Ok, so here’s the thing, I wasn’t really expecting the website for my book Frank to be ready last week, but at the last minute, it all came together. But when I was trying to distract myself from how long it was taking, I decided to catch up on Handmaid’s Tale. Let me just say the season finale wrecked me! I sat on the couch, bawling like a child. It turns out I was two episodes behind, and I’ll just say this, never, EVER, underestimate a mother’s love. When you are a mom, you don’t just care about your own children; you care about ALL the children. So here is the post that I started to write the middle of last week.
Last Wednesday, I was driving home from Starbucks after a failed attempt to find some words for a blog post. You see, I got asked to have my posts featured on a writer’s facebook page every Friday, and I think it got in my head and scared all the words away. I couldn’t find them in my usual spot so I got in my car and went home, thinking I would just repost an old post that chances are people haven’t read and those who did, wouldn’t remember. I turned on my car, and it started playing John Mayer and his song Heartbreak Warfare. There is a line in that song that says “How come the only way to know how high you get me is to see how far I fall, God only knows how much I’d love you if you let me, but I can’t break through at all.”
I always wonder who he’s writing his songs about, because whether your a songwriter, a blogger or an author, your words are based on real-life and people you know. I’m sure that scares most of you, and it should. I saw a meme one day that said: “don’t ever piss off a writer, you might not like how you end up in their book” or something like that and I always remember that when I’m writing. In my head this song, Heartbreak Warfare is about when he was dating Jennifer Aniston. I have no information or truth to base that on, but I decided that was the case. That got me thinking about Jennifer Aniston and how she was divorced twice, and I wondered if she would ever find love. I did find myself wondering if she was a hard person to be married to, and mere seconds later, I was furious with myself. Why did I assume it was her? It takes two people to make a marriage fail, and I said out loud, in my car to myself, “Gina, you should know better, You’re on marriage number three!” This marriage, marriage number three, thankfully has seemed to have stuck, but those other two not so much.
If you were to ask my parents they will 100% blame those failed marriages on my ex-husbands, but I know that’s not entirely true, I had a hand in the marriages failing apart. Don’t get me wrong, I did the marriage counseling with one and tried really hard with the second, but in the end and a couple of affairs later, I had my own version of Heartbreak warfare.

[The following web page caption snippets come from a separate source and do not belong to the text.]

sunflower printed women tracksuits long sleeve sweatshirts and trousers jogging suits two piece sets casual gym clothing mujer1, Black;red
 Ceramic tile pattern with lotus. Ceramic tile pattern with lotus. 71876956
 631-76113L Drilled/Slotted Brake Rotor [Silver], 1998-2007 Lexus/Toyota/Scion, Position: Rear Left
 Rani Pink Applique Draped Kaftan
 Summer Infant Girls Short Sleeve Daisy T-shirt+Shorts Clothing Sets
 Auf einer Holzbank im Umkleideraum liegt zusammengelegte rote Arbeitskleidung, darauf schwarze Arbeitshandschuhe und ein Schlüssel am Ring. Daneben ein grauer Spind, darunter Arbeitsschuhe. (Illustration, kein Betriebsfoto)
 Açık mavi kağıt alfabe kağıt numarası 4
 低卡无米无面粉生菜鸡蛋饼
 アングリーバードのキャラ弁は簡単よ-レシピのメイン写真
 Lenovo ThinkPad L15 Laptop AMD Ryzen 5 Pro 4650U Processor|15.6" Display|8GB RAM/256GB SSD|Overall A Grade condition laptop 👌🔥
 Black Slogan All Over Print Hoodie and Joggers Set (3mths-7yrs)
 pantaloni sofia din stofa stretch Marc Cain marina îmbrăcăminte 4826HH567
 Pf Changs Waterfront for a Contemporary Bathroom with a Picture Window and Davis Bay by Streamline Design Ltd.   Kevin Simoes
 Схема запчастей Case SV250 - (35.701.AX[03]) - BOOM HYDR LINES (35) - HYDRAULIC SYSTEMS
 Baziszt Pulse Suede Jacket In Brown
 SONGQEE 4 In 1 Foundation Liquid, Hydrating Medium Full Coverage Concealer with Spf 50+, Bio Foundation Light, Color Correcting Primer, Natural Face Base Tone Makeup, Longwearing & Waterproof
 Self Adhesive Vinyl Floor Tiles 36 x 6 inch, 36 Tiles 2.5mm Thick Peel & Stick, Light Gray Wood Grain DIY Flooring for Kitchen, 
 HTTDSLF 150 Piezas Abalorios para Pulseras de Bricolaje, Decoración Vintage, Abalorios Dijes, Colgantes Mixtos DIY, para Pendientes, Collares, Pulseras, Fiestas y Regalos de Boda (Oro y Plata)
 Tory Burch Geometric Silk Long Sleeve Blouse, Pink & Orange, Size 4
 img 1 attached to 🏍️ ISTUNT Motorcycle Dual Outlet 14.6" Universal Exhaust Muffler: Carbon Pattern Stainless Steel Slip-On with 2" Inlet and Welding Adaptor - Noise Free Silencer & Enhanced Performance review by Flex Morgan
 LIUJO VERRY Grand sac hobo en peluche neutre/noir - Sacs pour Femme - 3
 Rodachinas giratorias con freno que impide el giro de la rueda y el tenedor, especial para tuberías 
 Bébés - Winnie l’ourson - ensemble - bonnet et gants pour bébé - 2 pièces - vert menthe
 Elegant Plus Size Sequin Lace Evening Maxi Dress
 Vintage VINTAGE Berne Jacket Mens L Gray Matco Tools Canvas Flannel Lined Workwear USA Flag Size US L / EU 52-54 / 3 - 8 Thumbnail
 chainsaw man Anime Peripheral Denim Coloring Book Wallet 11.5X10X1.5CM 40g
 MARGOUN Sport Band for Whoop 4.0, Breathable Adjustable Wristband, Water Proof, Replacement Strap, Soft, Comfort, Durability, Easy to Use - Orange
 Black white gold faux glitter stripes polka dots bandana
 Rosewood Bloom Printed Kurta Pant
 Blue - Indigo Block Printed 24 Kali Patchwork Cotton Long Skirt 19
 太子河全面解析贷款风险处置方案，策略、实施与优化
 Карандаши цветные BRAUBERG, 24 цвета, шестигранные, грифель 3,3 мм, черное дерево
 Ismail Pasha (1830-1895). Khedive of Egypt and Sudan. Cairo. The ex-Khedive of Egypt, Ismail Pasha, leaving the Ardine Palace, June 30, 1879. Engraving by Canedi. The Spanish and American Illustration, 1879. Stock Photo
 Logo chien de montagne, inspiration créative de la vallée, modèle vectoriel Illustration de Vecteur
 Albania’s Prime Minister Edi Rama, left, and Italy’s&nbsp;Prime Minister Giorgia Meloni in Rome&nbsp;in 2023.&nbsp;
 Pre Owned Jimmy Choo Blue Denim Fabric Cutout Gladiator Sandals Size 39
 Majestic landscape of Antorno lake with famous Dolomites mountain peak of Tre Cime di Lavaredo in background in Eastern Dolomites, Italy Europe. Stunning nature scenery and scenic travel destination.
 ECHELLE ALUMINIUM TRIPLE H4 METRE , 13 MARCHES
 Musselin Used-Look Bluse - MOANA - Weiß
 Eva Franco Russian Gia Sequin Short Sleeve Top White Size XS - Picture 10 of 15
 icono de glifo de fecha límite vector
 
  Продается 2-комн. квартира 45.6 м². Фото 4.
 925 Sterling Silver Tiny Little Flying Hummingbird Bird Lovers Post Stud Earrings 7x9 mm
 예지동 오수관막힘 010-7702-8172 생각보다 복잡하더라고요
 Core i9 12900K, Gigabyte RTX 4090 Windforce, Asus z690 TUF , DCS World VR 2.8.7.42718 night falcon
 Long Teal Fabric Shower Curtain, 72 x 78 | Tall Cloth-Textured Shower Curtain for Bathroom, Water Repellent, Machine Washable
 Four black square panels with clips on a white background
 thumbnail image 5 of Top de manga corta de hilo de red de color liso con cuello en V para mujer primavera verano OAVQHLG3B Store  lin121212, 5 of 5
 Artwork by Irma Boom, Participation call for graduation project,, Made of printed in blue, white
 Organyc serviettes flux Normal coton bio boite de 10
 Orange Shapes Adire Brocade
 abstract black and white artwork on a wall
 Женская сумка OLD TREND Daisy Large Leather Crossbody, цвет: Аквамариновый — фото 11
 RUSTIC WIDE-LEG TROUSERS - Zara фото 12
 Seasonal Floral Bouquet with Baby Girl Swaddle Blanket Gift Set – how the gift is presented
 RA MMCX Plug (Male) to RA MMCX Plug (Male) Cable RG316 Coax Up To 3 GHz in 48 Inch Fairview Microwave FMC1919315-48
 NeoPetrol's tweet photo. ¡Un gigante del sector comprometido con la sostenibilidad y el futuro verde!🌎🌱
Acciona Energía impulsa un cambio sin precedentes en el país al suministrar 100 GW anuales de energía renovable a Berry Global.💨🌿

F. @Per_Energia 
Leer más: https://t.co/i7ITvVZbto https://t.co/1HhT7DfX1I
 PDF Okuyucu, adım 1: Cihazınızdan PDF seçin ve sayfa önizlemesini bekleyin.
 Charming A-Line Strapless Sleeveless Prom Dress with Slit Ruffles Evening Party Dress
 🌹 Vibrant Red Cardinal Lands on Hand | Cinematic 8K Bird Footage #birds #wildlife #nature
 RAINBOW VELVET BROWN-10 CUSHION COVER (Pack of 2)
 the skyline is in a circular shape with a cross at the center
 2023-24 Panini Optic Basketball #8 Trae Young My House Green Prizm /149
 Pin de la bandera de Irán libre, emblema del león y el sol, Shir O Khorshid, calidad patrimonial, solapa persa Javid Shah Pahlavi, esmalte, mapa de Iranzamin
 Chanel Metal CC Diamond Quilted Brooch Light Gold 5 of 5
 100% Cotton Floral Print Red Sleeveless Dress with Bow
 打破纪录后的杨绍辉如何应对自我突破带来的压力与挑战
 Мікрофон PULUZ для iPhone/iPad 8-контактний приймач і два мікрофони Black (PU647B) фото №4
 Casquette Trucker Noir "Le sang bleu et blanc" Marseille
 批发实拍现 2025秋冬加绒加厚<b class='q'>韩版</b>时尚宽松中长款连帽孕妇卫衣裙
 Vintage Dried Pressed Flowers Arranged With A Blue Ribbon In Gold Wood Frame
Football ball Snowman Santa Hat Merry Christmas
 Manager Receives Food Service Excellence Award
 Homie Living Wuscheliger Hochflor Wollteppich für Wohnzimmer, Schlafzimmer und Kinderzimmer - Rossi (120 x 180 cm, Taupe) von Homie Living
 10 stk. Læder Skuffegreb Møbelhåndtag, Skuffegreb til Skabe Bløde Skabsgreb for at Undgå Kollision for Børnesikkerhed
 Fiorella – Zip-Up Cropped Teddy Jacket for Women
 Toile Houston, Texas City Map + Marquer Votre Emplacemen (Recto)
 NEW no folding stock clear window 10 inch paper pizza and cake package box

I am angry at myself that my initial reaction was to blame Jennifer Aniston, it seems it is always the initial response to blame the woman, in everything, always, and here I was, a woman, guilty of the same behavior. I beat myself up over that initial thought, dug deep in my purse to make sure my feminist card was still there and then promised myself I would do better, I would be better because I know better than most, it is not always the woman’s fault. I dare say it is usually the man’s fault or maybe that is too much Handmaid’s Tale talking.
I know there is an in-depth conversation that has been had a million times on this subject. I’m not by any means trying to trivialize any of it, but that Wednesday as I sat in the Arby’s parking lot (because when those words do actually show up, you have to pull over and get them out no matter where you are), I had one wish. That one wish was and still is, that whenever anyone is looking at someone else’s experience or situation, do not make a snap judgment, realize there are always two sides to the story, and it’s not always the woman’s fault.